Once the structure's formwork is removed, significant moments develop at the slab-beam connections, which are relieving slab bending and aggravating beam torsion. However, due to the creep of concrete, the torsional deformation of the beam increases gradually causing the reduction of torsional moments on the beam. The slab’s bending moments are also accordingly reduced. Gradually this slab-beam deformation tends to develop the support into pinned. To this end ECin §6.3.1(2) states that ‘… in these cases it will normally be unnecessary to consider torsion at the ultimate limit state’.

However, regardless of the calculation method, a small degree of fixity will develop at the beam-slab connection. To this end, the regulation imposes a minimum number of stirrups in beams and minimum negative reinforcement at slab support to be ≥25% of the bending reinforcement at span. Also, in case torsional stiffness is taken into account, it is recommended not to be assumed higher than the 10% of the full elastic.

## FINAL CONCLUSION

The regulations, explicitly or implicitly, refer to members, in both analysis and (mainly) reinforcement design. No matter how ‘accurate’ static and dynamic analysis methods, or models of two-dimensional or three-dimensional finite elements may be used, the results (moments-shear forces) should refer always to the appropriate members, allowing the design of structures subject to bending. A slab strip can also be considered as an appropriate member. In the centroidal axis of this strip, moments and shear forces are being determined by integrating the appropriate stresses along the respective finite elements. The assumption of a structure with beams of adequate depth, providing significant stiffness to the structural frames, results in a plain space frame model consisting of members, which is reliable for both analysis and design.

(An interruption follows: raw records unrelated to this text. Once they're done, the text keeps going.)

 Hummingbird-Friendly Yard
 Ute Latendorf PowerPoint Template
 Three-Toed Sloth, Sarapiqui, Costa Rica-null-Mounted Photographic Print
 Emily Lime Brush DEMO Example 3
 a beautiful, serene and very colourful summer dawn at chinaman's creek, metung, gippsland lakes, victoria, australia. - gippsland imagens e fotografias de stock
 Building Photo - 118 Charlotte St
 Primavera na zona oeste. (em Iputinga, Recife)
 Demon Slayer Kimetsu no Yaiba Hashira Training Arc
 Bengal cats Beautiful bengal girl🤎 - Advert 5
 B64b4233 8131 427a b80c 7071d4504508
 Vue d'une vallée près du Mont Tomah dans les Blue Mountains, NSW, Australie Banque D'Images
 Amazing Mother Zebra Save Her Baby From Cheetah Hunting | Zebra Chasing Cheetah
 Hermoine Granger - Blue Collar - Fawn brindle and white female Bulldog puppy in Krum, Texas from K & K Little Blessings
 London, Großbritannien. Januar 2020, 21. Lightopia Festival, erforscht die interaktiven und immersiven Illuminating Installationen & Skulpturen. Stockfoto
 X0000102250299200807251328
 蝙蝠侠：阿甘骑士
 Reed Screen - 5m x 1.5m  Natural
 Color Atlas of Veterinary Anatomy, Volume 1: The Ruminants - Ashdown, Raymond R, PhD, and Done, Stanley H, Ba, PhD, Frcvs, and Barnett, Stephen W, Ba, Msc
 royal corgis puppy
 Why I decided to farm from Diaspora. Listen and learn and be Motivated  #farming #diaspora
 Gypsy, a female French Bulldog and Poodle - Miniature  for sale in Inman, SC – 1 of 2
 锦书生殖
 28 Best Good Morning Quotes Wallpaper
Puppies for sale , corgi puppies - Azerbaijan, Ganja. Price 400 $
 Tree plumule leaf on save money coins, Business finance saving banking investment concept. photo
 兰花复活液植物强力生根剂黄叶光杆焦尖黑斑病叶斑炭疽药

In conclusion, the assumption of the members for modelling structural frames and the consideration of independent functionality of slabs are both acceptable and, under certain circumstances, form an adequately reliable solution. In finite element analysis, the common assumption adopted for slab supports is practically: slabs supported on beams with (almost) zero torsional stiffness. Regardless of the calculation method, the minimum detailing provisions of the regulations regarding the minimum reinforcement (the secondary as well as the negative one) of slabs should be followed with diligence.